How much do you spend on “data” – you might be surprised. This article demonstrates that people tend to over-weight the present and fail to consider the long term economic considerations. (Additionally, once you sign up for a service you are more likely to keep paying long after you stop receiving benefit.)
From the NYT
By 2004, the average American spent $770.95 annually on services like cable television, Internet connectivity and video games, according to data from the Census Bureau. By 2008, that number rose to $903, outstripping inflation. By the end of this year, it is expected to have grown to $997.07. Add another $1,000 or more for cellphone service and the average family is spending as much on entertainment over devices as they are on dining out or buying gasoline.

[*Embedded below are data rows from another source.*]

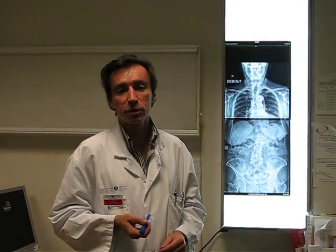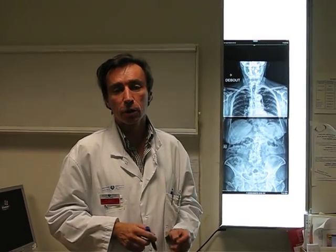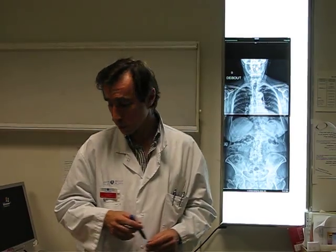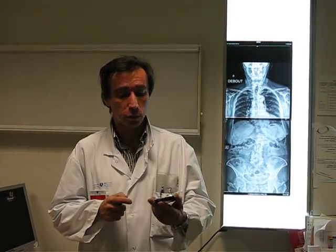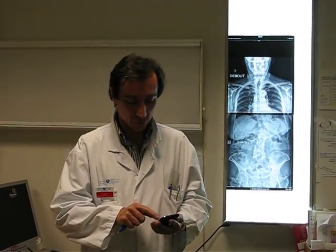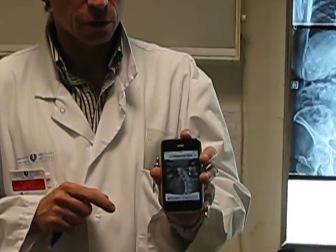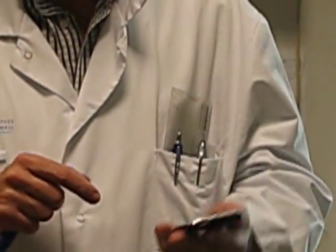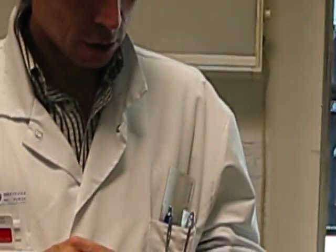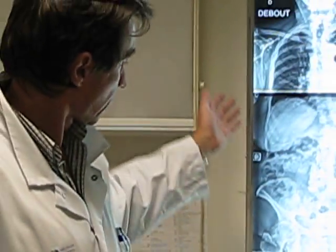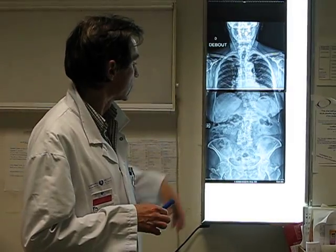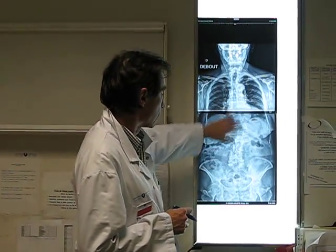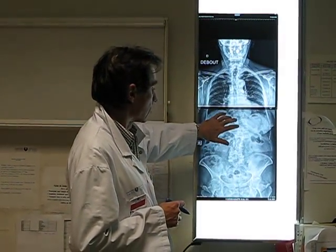Hi everybody, my name is Frederic Jacou. I'm a spine surgeon here in Paris and this video is made to demonstrate the functioning of this software we developed on the iPhone I use every day. This is a large x-ray of a patient with severe degenerative disorder which is scoliosis, degenerative scoliosis in the spine.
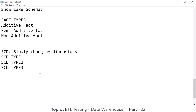Type 3 is also never used in real time. But from an interview point of view, they are going to ask what is SCD Type 3 and what is the difference between Type 2 and Type 3. That is why we need to know Type 3. In my experience I have not worked on Type 3 — it won't be implemented in most cases. But SCD Type 1 and SCD Type 2 are mandatory and implemented in every project.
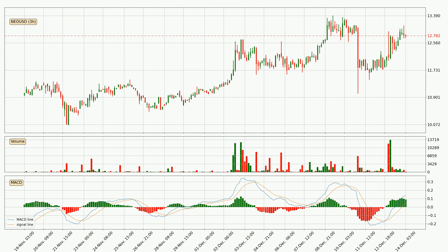Looking at the three-hourly MACD, the MACD line is above the signal line, which shows that the current trend is on the upside. However, the MACD histogram shows that the momentum is currently shifting to the downside and it could be expected that the price will consolidate. It is better to wait and see if the MACD line will cross the signal line, which will be bearish.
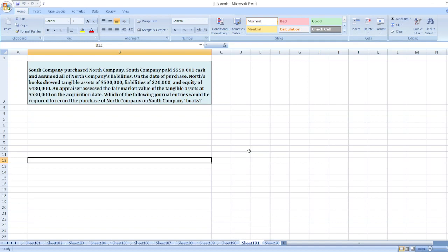North's books showed tangible assets of $500,000, liabilities of $20,000, and equity of $480,000. An appraiser assessed the fair market value of the tangible assets at $530,000 on the acquisition date.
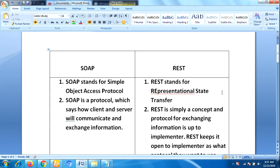Hi everyone, this is Lakshman, welcome back to our YouTube channel. In this video I'm going to talk about what is the difference between SOAP and REST API. This is one of the most frequently asked entry-level interview questions for senior developers working on Java, .NET, or any backend programming language.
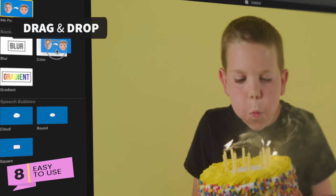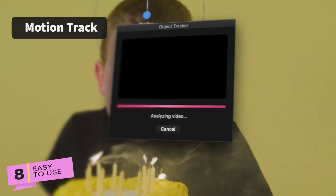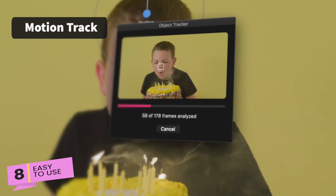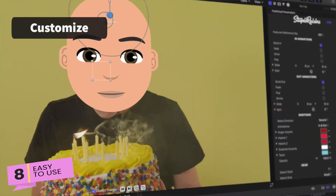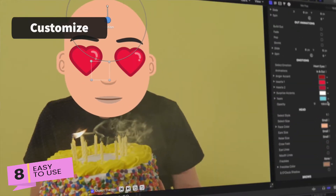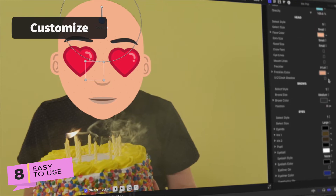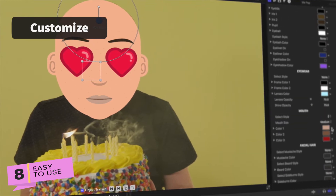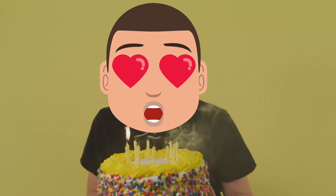Reason number 8: Meepop is a piece of cake, and man, do I love some cake. Step 1: drag and drop onto your timeline. Step 2: motion track. Step 3: customize eyes, hair, frosting and — sorry, I just can't stop thinking about that cake. Anyway, you're all done.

Most people think home entertainment is cheaper. “Every time I want to go to Fenway Park or see the Killers in concert, I’m paying $50 to $100 each time. But once you build and install that home system, its basically pennies per minute of enjoyment,” said James McQuivey, an analyst with Forrester Research.
But they do not take into consideration the long-term economic effect — both in the maintenance and operational costs — of the devices they purchase. “A subscription model is the perfect drug,” Mr. McQuivey said. “People see $15 per month as a very low amount of money but it quickly adds up.”
“More people are creating experiences in their homes that are very similar to the kinds of public experiences they enjoy in movie theaters and concert halls,” he said. “Our homes are bristling with technology.”